Japan's industrial and financial might are the key to building the Trans-Korean Railway and the entire Eurasian Land-Bridge, a Korean source told EIR. "There are already plans to connect Japan to the Land-Bridge, by building the Pusan to Fukuoka Bridge-Tunnel," he said. "It may appear we Koreans resent Japan too much for this to happen, but it will be like the Channel Tunnel between France and England: There will be nothing but public opposition, and then behind the scenes they will come to consensus and voilà, you have a tunnel." North Korea stands to receive over $10 billion in reparations from Japan, if relations are normalized; and with Tokyo sitting on more than $450 billion in soon-to-be-worthless dollar reserves, they may as well invest in durable goods.

Japan wants a "package deal, a comprehensive approach," said one Tokyo negotiator. North Korea wants reparations and trade agreements. Tokyo seeks return of 11 Japanese allegedly kidnapped to the North, and both Tokyo and Washington want nuclear site inspections and an end to North Korea's missile sales. If everything is agreed to at once, the package may just fly, he said.

The question, as always, is: How ready are Japan and South Korea to act independently, to ensure their own survival? While Koizumi said he had called President Bush in advance, Tokyo media report that Koizumi dropped word of his Pyongyang junket on Deputy Secretary of State Richard Armitage at his arrival in Tokyo on Aug. 27, only three days before the announcement, torpedoing Armitage's trip.

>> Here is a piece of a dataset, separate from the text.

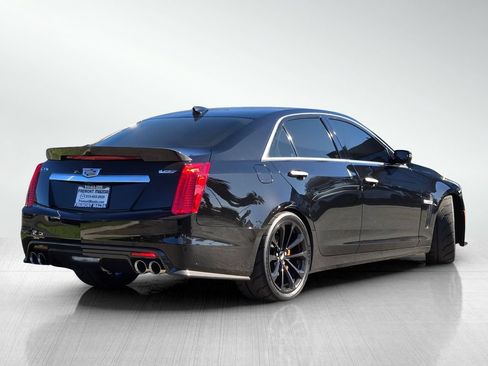Used 2018 Cadillac CTS V w/ Carbon Fiber Package RWD image 4
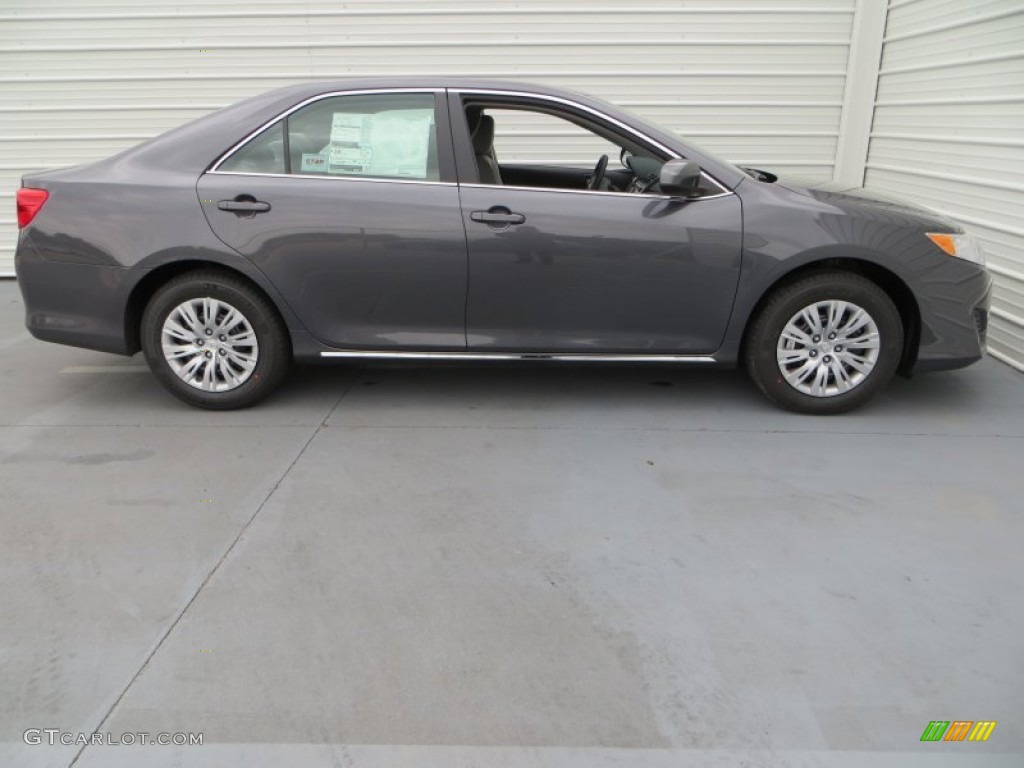 2013 Camry LE - Magnetic Gray Metallic / Ash photo #3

Equally fascinating is the possibility that sane forces inside the career U.S. military may be intervening on behalf of peace in Korea as well, as they have done against war with Iraq. The Korea Times reports that on Sept. 3, the UN Command in Korea delivered to North Korea a draft agreement, on military cooperation to start work on the rail lines inside the mine-strewn DMZ, according to a UNC press release. It details UNC steps to transfer control of its half of the DMZ to the South Korean military so as not to alarm Pyongyang, and proposes to open specific areas for the trans-border rail and road crossings. "In a two-hour meeting, Col. Martin Glasser, UNC Military Armistice Commission Secretary, presented his North Korean counterpart, Col. Kwak Yong-hun, with a draft Agreement that would facilitate connection of rail and road lines," the UNC said.